Strike und Robin, in der ebenfalls der Gerechtigkeitssinn erwacht, beginnen, sich mit verschiedenen Rentnern unterschiedlichen Wohlstands und Wohlwollens in ihren meist einsamen Wohnungen zu treffen, um doch noch herauszufinden, was vor vierzig Jahren passiert ist; wie eine Frau, die eine direkte und vertraute Route ging, von ihr abkam. Natürlich erweist sich diese Frage sowohl für Rowling als auch für die Serienmacher als Rahmen: Durch das Schicksal von Margot Bamborough werden sowohl das Schicksal der Feministinnen der zweiten Welle als auch die allgemeine Wende der britischen Geschichte gezeigt.
Die Hauptfrage, die sich die Helden irgendwann stellen, ist nicht nur, wo Margot eigentlich geblieben ist, sondern auch, wo die Zeit geblieben ist. Wann und wie sehr ist alles schiefgelaufen, hat der Serienmörder Creed, die italienische Mafia oder irgendwelche anderen Schurken, bekannte oder unbekannte, unsere strahlende Zukunft gestohlen? In diesem Sinne erweist sich das Thema der Erinnerung als zentral für die neue Staffel – an die Toten und an die Lebenden, aber wohl hauptsächlich an die Ersteren.
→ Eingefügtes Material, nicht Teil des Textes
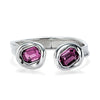 Ser Valiente Exc Sterling Silver Plated Bracelet - PUL2453RSAMTL-UNO de 50-Renee Taylor Gallery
Die Ermittlungen sind hier, wie auch in der jüngsten Verfilmung des Maigret-Romans mit Depardieu, nicht so sehr ein Mittel, um etwas herauszufinden, sondern um sich zu erinnern, was letztlich nicht wenig ist.

Strike, mit seiner Bieralkoholsucht, seinem schwierigen Charakter und seinem erstaunlichen Streben nach Gerechtigkeit, und Robin, in der Serie etwas impulsiv, aber einfallsreich und mitfühlend bis zum Grade von Jane-Austen-Heldinnen, decken natürlich am Ende das Verbrechen auf, aber die Verfilmung von „Böses Blut“, obwohl sie dem Roman gegenüber sekundär ist, erweist sich, dem Buch folgend, als weise genug, um zu zeigen – wenn man den Mörder gefunden hat, kann man kaum etwas wirklich wiedergutmachen, zum Pub sind wir alle nicht mehr gekommen. Aber Frieden, selbst vierzig Jahre später, kann man finden – und das ist wohl der Hauptgedanke, mit dem man in diesem Jahr die Feiertage begrüßen kann.